Maximum likelihood nonlinear transformations based on deep neural networks
Abstract
Feature transformations are commonly used in speech recognition to account for distribution mismatches between the source and target domains (also referred to as covariate shift). Linear (affine) or piecewise linear transformations are typically considered. In this paper, we present deep neural network (DNN) based nonlinear feature transformations estimated under the maximum likelihood criterion. We use the hidden Markov model (HMM) to model speech feature sequences and features in each HMM state assume a Gaussian mixture model (GMM) distribution. The network is pre-trained close to a linear transformation followed by a fine-tuning using the gradient descent algorithm.
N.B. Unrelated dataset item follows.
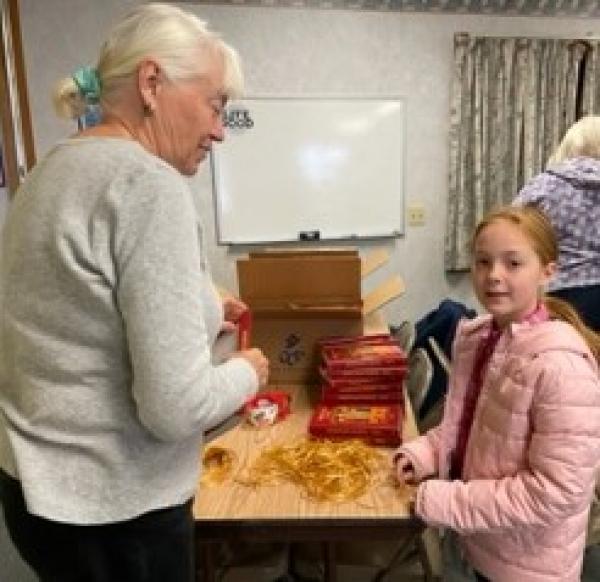 Financial Secretary Josh Lussier is assisted by her granddaughter as they work on putting ribbons in the missals.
Due to the nonlinearity, the gradients and the partition functions of GMM-HMM state distributions are evaluated using the Monte Carlo (MC) method based on importance sampling. In addition, a deep stacked architecture is proposed to hierarchically build a DNN as a series of sub-networks with each representing a nonlinear transformation itself, which can be learned using a block-wise learning strategy. Applications of the proposed nonlinear transformations in speaker/environment adaptation and acoustic modeling in large vocabulary continuous speech recognition tasks show its superior performance over the widely-used constrained maximum likelihood linear regression (CMLLR).